Like if you take the opening to The Destruction of Sennacherib from Byron:

The Assyrian came down like the wolf on the fold,
And his cohorts were gleaming in purple and gold;
And the sheen of their spears was like stars on the sea,
When the blue wave rolls nightly on deep Galilee.


That whole concept of 'the wolf on the fold' - I'm aware that 'fold' here is referring to a sheepfold, but we're probably getting to the point where most people in Britain today would need an annotation there to explain it's about wolves attacking sheep (and thereby an analogy to Christian iconography), let alone any foreign culture who might not have a word for 'sheepfold' or even the concept of 'a permanent enclosure for domesticated animals.'
 
Ooh, some very interesting developments there.

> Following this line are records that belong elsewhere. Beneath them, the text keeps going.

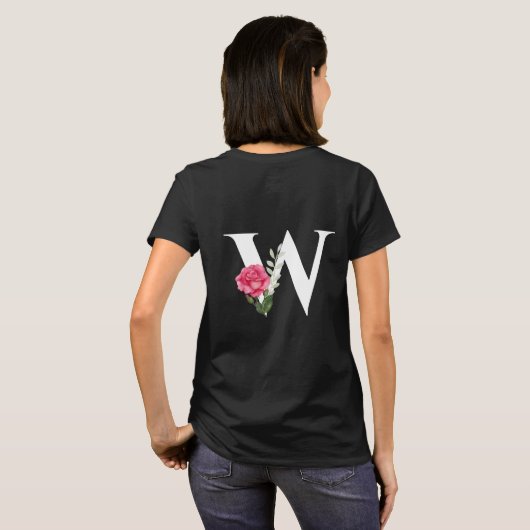 T-shirt Monogramme Lettre initiale W en blanc avec rose ro (Dos entier)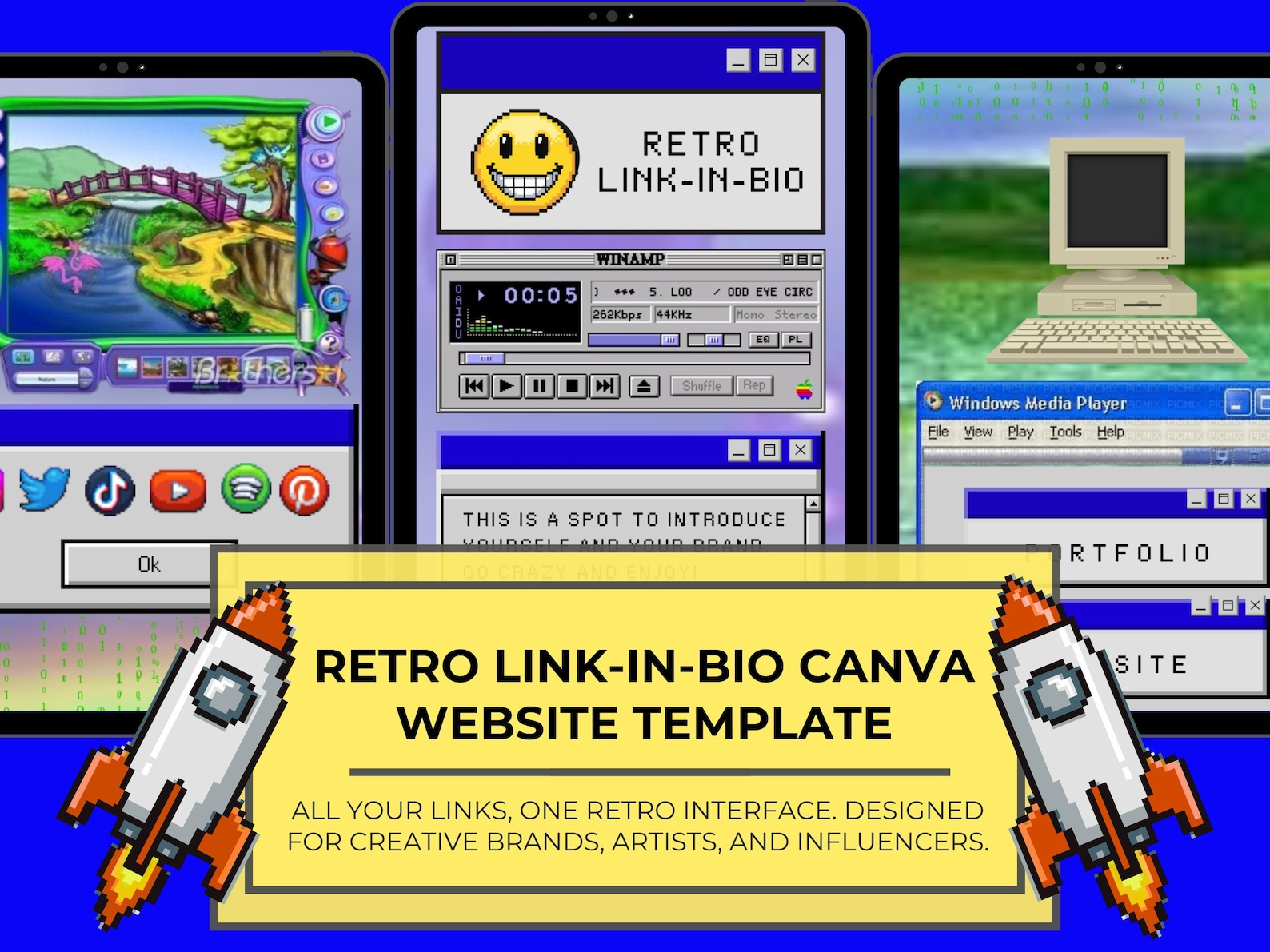 Retro Link in Bio Website Template | Cyber Webcore Y2K Canva Mobile ...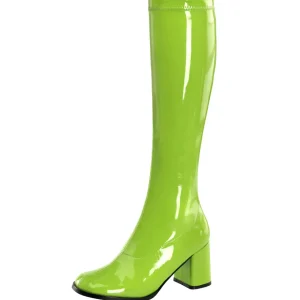 Vertes en cuir verni 7,5 cm GOGO-300 talon botte femme pour homme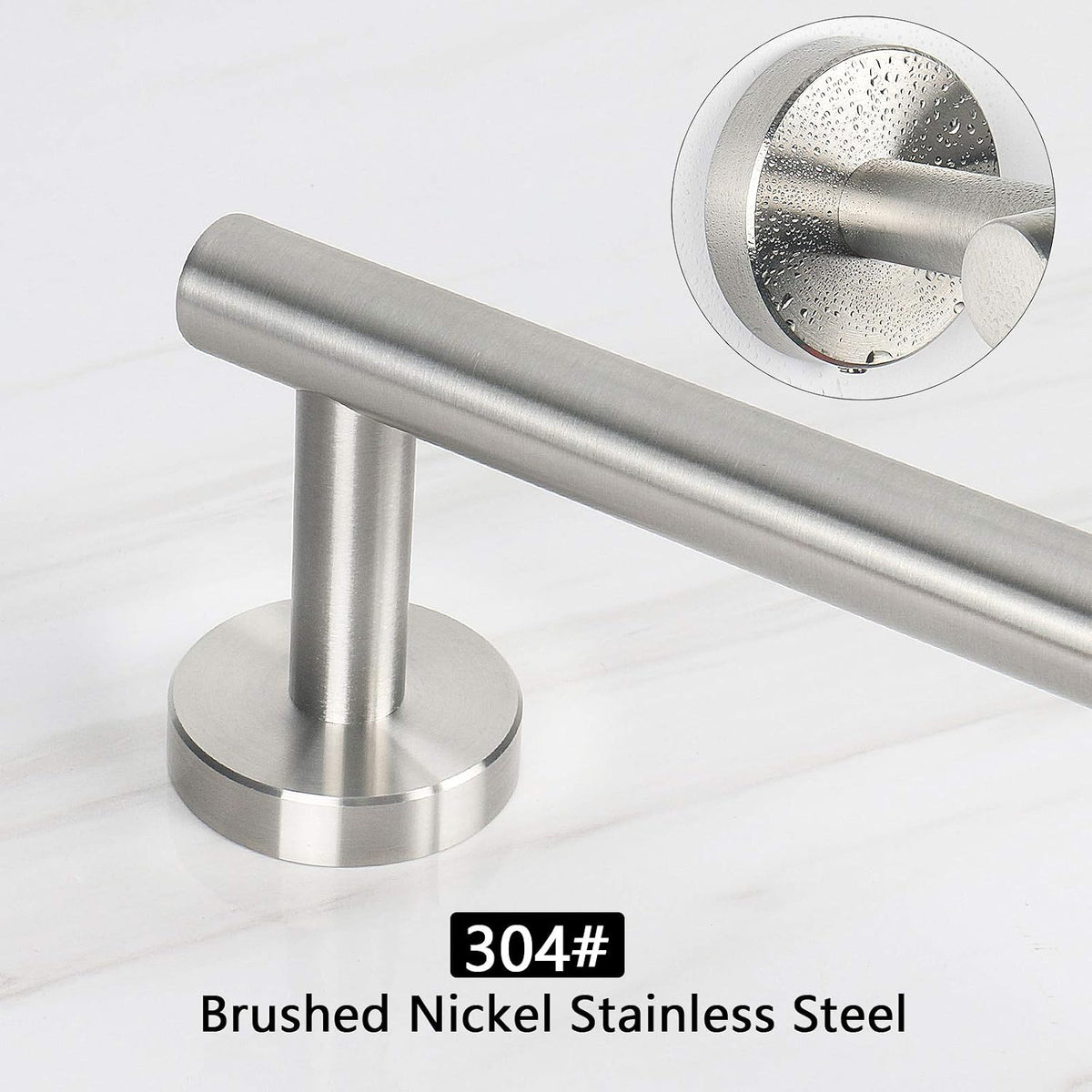 Bath Towel Bar, Thicken Stainless Steel Shower Towel Rack Holder Wall Mounted for Bathroom, 20-lnch Overall Length-17-lnch Usable Hanging Space (Brushed Nickel)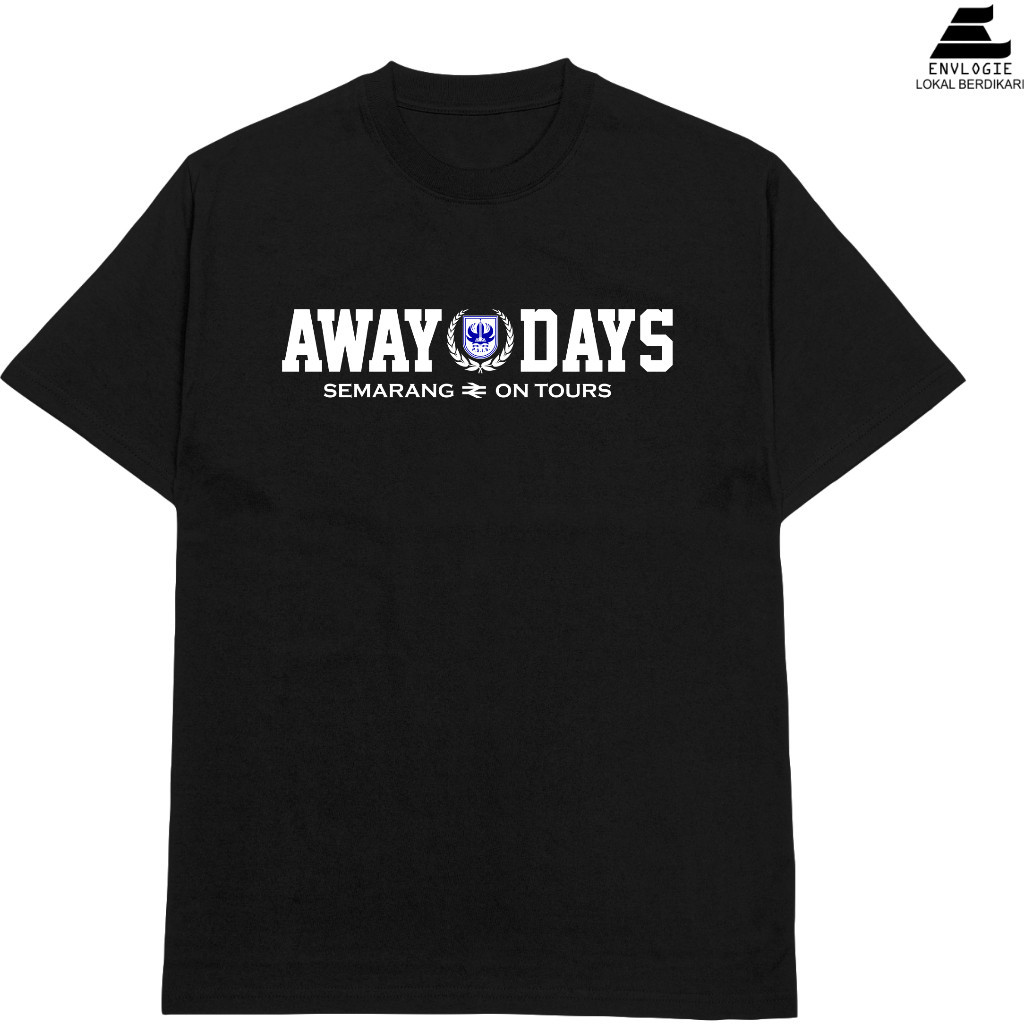 FestKaos envlogie t-shirt kaos suporter bola psis semarang away days on tours hitam lengan pendek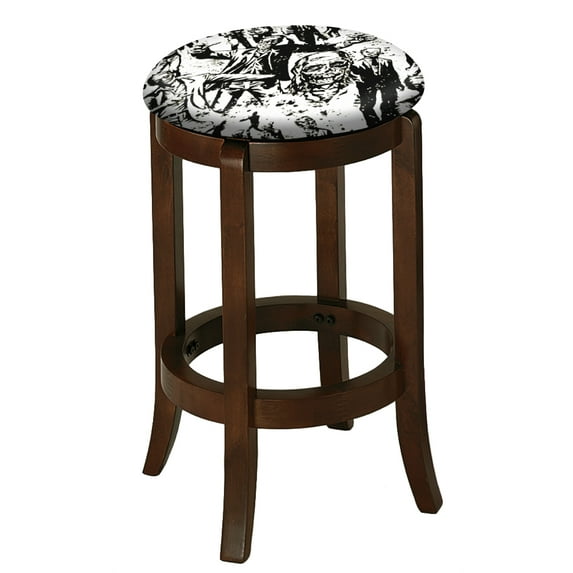 The Furniture King Wood Bar Stool Espresso Finish 24" Tall Kitchen Game Room Stool with Your Favorite Novelty Theme Fabric Covered Swivel Seat Cushion (Zombie Gray)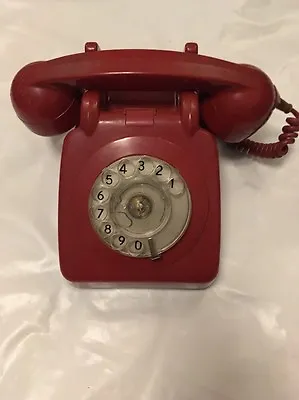 Red GPO 70s Rotary Dial Telephone 706f • £40
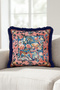 Exotic Tiger and Flower Garden Fringe Pillowcase - Ethnic Jungle Navy Blue Tassel Throw Pillow Cover - 6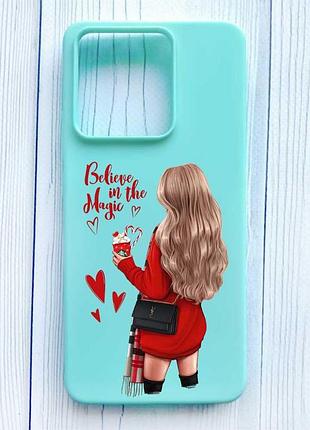 Матовый бирюзовый чехол на xiaomi redmi note 13 pro 4g девушка с кофе (принт 137)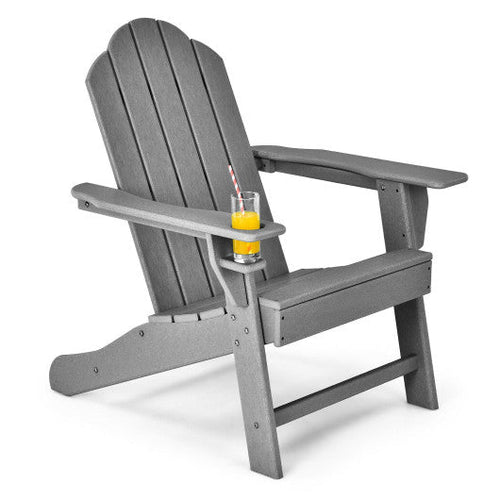 Load image into Gallery viewer, Outdoor Adirondack Chair with Built-in Cup Holder for Backyard Porch-Gray

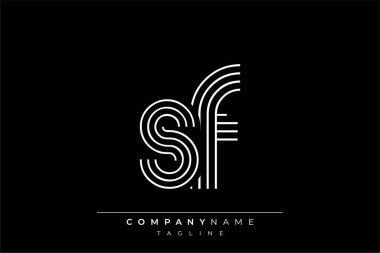 Yaratıcı SF çizgileri harf logosu tasarımı. Çağdaş markalaşma için uygun doğrusal desenleri ve baş harfleri olan basit ve zarif bir soyut logo tasarımı. Monokromatik stil modern, şık bir cazibe katıyor ve profesyonelliği vurguluyor..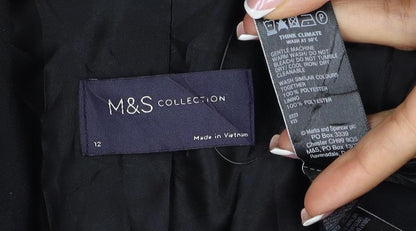 M&S Collection Women’s Black UK 12 Long Lined Notch Lapel Blazer
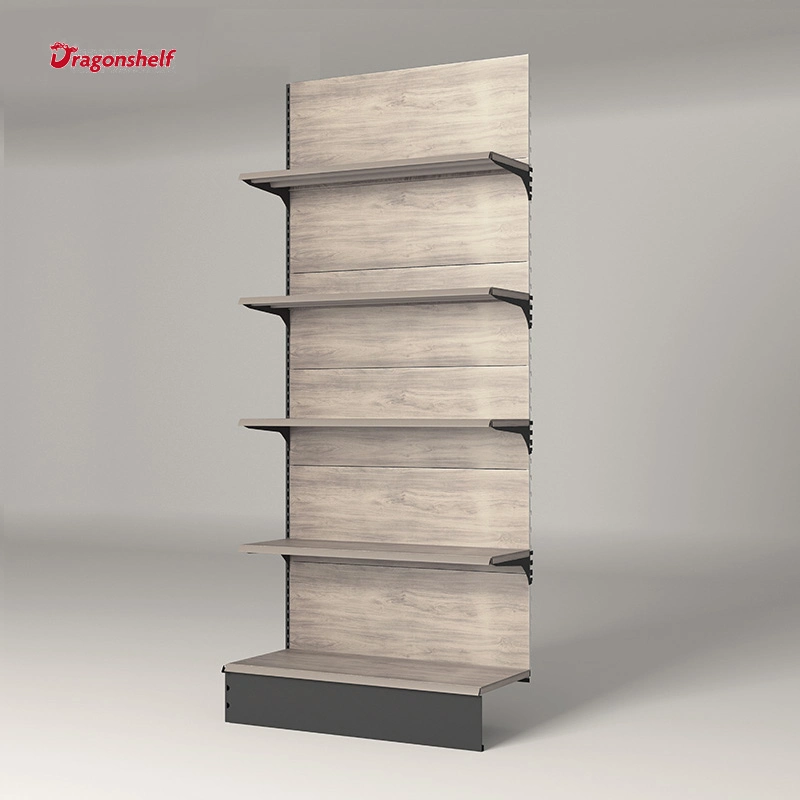 New Style Rack Holz und Metall Material Supermarkt Gondel Holz Regal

Translation- particularly of idioms- is something I find quite fascinating. Not least because it can be so malleable across both time and distance.

Like if you take the opening to The Destruction of Sennacherib from Byron:

The Assyrian came down like the wolf on the fold,
And his cohorts were gleaming in purple and gold;
And the sheen of their spears was like stars on the sea,
When the blue wave rolls nightly on deep Galilee.


That whole concept of 'the wolf on the fold' - I'm aware that 'fold' here is referring to a sheepfold, but we're probably getting to the point where most people in Britain today would need an annotation there to explain it's about wolves attacking sheep (and thereby an analogy to Christian iconography), let alone any foreign culture who might not have a word for 'sheepfold' or even the concept of 'a permanent enclosure for domesticated animals.'
Although the Assyrians were fond of shepherding metaphors themselves, so you could argue that it's in the spirit of that as well - though Byron might not have known that given the state of archaeology at the time.

As you say, probably the bigger concern now is townie culture nowadays not getting agricultural metaphors full stop, which is as true to a greater or lesser extent everywhere in a bit of an ironic universal.